Stored data Start Marker

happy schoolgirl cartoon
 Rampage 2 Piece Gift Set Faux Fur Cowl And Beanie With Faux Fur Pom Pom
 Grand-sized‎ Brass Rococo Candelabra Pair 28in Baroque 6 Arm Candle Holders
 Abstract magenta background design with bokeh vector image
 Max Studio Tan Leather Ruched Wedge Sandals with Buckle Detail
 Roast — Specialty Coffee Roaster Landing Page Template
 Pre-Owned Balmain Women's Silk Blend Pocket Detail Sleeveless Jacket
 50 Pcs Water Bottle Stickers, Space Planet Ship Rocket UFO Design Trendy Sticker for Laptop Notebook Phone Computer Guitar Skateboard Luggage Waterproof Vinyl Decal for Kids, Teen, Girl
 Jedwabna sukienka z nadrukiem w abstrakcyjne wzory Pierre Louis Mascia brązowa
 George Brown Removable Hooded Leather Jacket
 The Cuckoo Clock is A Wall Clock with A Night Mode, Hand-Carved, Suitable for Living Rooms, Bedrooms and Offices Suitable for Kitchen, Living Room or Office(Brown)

Stored data End Marker

● Work instruction
Among the records, find every line with the word "Jacket" and copy it.

● Answer below
 Pre-Owned Balmain Women's Silk Blend Pocket Detail Sleeveless Jacket
 George Brown Removable Hooded Leather Jacket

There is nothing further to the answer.